* Task data *

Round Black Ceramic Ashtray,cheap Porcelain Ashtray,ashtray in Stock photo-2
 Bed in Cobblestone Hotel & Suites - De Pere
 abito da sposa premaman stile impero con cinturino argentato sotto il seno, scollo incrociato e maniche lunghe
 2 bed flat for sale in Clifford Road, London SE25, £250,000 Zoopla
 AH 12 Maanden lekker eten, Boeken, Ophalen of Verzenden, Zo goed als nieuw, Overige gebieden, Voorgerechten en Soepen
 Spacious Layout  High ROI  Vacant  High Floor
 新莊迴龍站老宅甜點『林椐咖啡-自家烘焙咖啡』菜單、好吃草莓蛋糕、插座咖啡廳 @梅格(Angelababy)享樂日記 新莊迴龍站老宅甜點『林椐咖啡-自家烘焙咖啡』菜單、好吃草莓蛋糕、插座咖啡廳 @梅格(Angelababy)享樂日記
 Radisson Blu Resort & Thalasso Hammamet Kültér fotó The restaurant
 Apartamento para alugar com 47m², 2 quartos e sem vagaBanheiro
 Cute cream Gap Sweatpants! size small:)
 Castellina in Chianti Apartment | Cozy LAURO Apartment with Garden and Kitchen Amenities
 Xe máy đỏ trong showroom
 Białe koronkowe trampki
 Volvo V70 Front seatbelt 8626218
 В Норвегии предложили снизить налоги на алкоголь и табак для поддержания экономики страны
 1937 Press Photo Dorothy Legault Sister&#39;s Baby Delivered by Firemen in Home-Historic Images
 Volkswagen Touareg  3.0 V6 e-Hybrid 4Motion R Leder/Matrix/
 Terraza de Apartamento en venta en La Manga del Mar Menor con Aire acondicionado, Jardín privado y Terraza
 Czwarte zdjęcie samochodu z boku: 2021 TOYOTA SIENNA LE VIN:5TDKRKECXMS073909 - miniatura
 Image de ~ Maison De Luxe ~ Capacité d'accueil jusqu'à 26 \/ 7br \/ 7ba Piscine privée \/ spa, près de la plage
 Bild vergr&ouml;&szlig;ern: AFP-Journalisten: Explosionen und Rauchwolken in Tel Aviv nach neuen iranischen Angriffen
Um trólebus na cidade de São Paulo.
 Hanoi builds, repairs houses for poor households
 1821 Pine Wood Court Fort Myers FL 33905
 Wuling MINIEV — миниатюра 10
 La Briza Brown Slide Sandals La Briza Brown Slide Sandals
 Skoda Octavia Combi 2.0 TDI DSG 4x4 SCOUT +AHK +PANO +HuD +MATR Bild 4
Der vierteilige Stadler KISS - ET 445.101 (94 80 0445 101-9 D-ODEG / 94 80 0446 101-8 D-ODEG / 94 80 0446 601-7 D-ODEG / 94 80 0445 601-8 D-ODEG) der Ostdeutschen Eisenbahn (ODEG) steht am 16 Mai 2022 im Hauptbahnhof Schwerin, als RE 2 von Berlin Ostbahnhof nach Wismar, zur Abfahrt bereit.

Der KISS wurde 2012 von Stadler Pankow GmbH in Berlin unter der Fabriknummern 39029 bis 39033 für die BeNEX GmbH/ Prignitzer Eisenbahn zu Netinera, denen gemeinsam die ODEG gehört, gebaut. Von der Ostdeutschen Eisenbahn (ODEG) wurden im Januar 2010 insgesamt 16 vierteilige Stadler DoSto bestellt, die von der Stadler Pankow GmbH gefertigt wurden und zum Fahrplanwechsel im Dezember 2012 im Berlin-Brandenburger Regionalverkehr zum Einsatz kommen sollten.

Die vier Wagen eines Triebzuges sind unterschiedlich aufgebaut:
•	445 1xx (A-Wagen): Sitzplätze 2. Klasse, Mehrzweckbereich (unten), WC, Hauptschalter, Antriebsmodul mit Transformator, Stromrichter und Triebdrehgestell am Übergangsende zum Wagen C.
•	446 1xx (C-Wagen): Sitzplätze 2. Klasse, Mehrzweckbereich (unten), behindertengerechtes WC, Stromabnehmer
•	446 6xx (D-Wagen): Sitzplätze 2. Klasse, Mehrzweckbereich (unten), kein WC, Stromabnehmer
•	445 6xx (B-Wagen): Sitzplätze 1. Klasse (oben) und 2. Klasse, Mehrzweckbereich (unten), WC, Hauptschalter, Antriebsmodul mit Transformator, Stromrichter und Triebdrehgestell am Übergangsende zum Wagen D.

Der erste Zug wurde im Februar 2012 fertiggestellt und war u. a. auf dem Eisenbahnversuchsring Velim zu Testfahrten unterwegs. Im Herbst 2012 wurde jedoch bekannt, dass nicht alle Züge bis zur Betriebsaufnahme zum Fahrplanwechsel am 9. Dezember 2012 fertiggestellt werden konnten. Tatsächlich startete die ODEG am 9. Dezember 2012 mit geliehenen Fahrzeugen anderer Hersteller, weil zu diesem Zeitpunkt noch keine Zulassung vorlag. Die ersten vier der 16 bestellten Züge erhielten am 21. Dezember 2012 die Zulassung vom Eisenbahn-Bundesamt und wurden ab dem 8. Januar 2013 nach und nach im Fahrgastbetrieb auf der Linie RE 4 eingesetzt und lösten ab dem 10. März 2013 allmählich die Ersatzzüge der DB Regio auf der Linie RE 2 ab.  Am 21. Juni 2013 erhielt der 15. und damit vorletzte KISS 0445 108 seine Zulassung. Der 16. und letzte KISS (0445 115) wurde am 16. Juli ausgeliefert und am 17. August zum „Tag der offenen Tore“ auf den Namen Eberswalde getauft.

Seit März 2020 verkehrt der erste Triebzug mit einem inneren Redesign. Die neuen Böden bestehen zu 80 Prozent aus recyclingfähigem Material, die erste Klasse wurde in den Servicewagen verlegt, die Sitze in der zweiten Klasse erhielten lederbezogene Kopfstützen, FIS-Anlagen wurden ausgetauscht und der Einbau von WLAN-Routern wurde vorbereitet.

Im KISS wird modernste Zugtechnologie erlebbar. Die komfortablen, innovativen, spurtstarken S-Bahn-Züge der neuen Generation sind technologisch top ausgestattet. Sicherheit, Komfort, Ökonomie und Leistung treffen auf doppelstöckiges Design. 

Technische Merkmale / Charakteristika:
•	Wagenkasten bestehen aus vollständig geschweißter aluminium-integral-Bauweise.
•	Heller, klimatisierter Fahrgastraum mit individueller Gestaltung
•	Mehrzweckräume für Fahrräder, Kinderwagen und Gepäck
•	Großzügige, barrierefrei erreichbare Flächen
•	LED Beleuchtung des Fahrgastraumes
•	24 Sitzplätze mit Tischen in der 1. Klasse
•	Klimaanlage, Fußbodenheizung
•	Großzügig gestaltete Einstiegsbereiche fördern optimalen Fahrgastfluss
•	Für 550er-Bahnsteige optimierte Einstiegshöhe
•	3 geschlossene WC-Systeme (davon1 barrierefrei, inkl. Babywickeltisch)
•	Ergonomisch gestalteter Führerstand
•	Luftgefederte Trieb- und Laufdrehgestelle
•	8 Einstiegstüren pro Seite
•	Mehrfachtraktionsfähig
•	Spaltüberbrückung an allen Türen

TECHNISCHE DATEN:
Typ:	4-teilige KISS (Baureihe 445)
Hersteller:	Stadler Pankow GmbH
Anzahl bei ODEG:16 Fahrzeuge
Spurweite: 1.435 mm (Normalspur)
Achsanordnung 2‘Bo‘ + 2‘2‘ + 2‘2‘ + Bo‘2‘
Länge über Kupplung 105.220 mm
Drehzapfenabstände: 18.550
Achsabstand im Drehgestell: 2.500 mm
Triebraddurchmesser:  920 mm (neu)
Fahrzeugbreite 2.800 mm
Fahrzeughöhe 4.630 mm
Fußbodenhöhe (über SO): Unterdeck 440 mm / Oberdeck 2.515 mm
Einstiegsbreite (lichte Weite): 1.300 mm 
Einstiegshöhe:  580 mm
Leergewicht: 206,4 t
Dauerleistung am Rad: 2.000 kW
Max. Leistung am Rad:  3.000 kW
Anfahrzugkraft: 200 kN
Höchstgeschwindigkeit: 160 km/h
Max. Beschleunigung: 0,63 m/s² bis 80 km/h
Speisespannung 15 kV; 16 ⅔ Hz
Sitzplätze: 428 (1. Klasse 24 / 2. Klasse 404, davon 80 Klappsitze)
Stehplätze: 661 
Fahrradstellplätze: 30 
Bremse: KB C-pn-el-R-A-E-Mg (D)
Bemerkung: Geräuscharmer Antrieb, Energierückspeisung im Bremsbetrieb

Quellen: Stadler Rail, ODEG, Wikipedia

* Directions *
Using the entries shown above, reproduce verbatim the lines from the line bearing "Beleuchtung des Fahrgastraumes" to the line bearing "Trieb- und Laufdrehgestelle", inclusive.

* Response *
•	LED Beleuchtung des Fahrgastraumes
•	24 Sitzplätze mit Tischen in der 1. Klasse
•	Klimaanlage, Fußbodenheizung
•	Großzügig gestaltete Einstiegsbereiche fördern optimalen Fahrgastfluss
•	Für 550er-Bahnsteige optimierte Einstiegshöhe
•	3 geschlossene WC-Systeme (davon1 barrierefrei, inkl. Babywickeltisch)
•	Ergonomisch gestalteter Führerstand
•	Luftgefederte Trieb- und Laufdrehgestelle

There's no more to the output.